Eddie didn’t think he could respond, and when he tried, all that came out of his mouth was an exhale that sounded like a moan, and a spurt of hot blood. He choked and coughed on the metallic, thick taste of it, trying to brace himself on his elbows before he was pushed roughly back down.
“Fucking lie there and take it, Munson. You asked for it the second you decided to re-enact one of your little freak fantasies on Chrissy.”

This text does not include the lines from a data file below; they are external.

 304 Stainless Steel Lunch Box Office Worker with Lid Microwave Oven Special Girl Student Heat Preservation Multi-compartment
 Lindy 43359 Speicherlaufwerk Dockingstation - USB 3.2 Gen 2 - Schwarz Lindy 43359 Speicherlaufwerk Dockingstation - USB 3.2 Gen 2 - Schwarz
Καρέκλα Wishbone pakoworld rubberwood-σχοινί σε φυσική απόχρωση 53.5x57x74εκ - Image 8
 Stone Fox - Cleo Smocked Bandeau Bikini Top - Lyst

At that point, Eddie knew that it wouldn’t have made any difference to try and defend himself. But his addled, foggy brain kept pulling an image of Chrissy, broken and wrong, floating on the ceiling of his trailer. He coughed, tried to force out the words I didn’t kill her, but nothing came out besides a choke of agony as one of Jason’s friends kicked him so hard that he slammed back into one of the tires of his van.

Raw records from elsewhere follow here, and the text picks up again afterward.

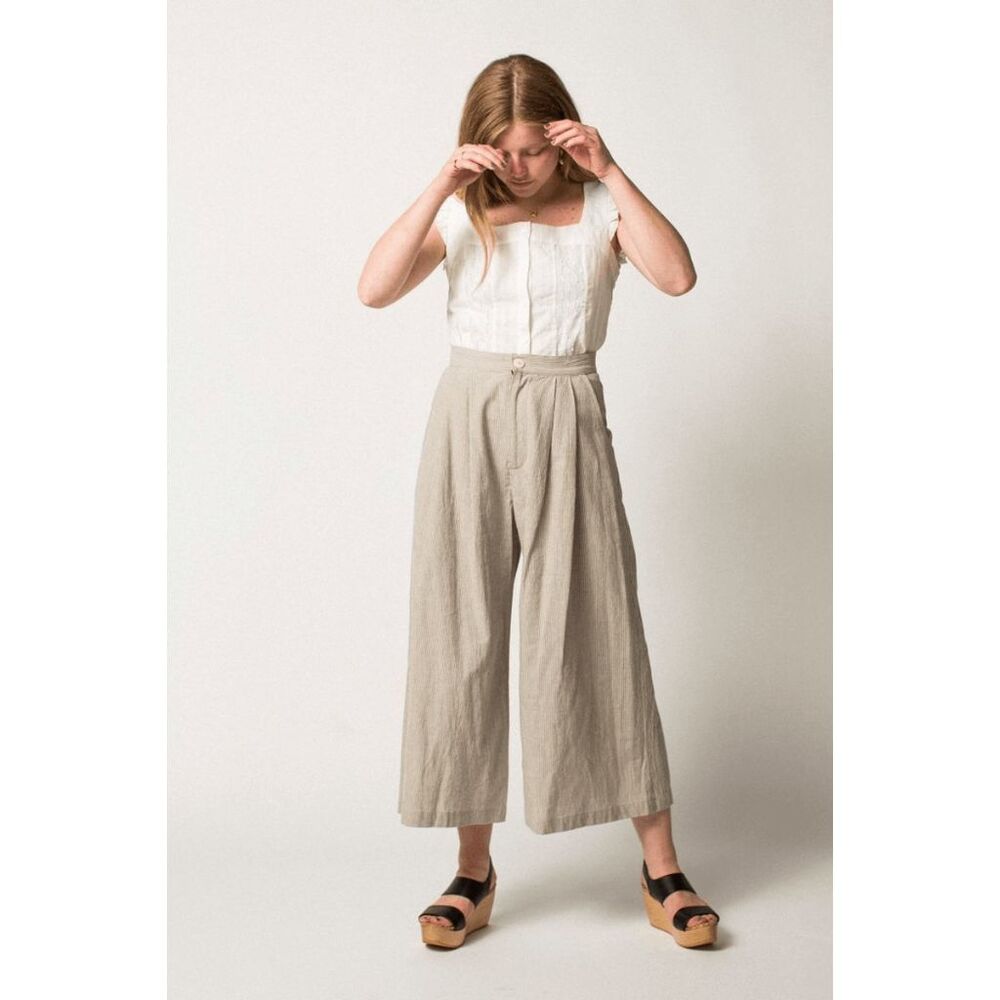 Esby Cream Wide Leg Pants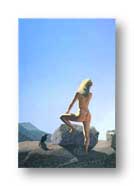 Nude and Raven in a scene from the Pinos Altos, New Mexico area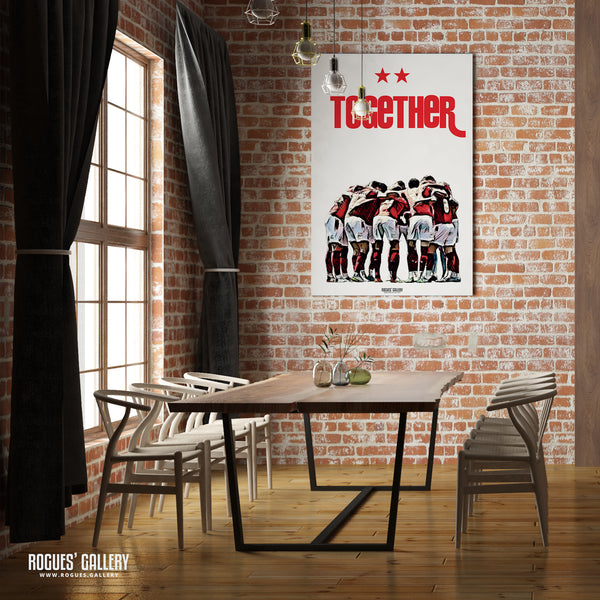 Together - Nottingham Forest 2021-22 Season - A0, A1, A2 or A3 Print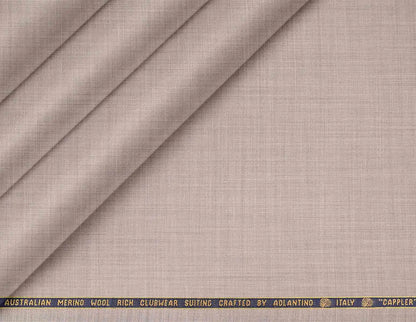 Elegant Beige Super 130’s Australian Merino Wool Rich Poly Wool Suiting Fabric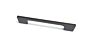 Möbelgriff Albertville - Zamak - Griffstärke: 6 mm - Schwarz - Drei Längen: 147 bis 243 mm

There were voices overhead now, tense and stilted.
“He’s had enough, Jason. You’re gonna kill him.”
“So what if I do? It’s not like anyone will miss him.” Another kick connected with Eddie’s aching ribs, and he coughed.
“Dude, he’s got friends. He’s got that club. Someone will notice if he just doesn’t fucking show. Come on, man, before you do some real damage. Leave him alone and let them all think someone else did it. Wouldn’t be the first time someone got beat within an inch of their lives on this end of town.”
Eddie wasn’t entirely sure he could trust his ears at this point, but he had to agree with Jason’s friend. Much more of this and he didn’t think he’d be alright without some sort of medical intervention he definitely couldn’t afford.
“He killed Chrissy, man.”
“You think Chrissy would want you to go to jail for killing him? C’mon, man, let’s go. He won’t talk. Not if he knows that we’re close enough to do this all over again. Eh, freak? You won’t talk, will you? Be a good boy and keep your mouth shut if you wanna keep all your teeth, huh?”
The last part of the conversation was punctuated by a hand grabbing Eddie roughly by the jaw and twisted his head to the side. He saw sparks, spat blood onto the gravel, and managed a weak nod that increased his vertigo tenfold.
“See, Jason? He won’t snitch on us. Too fucking scared. Not as scary as you seem, huh?”
Eddie didn’t have the energy to respond. Everything was swirling around him, night sky and darkened figures merging together into a sickening miasma. His hands clenched two fistfuls of gravel, and he willed himself not to throw up until Jason and his henchmen had gone back to whatever suburban hell they lived in.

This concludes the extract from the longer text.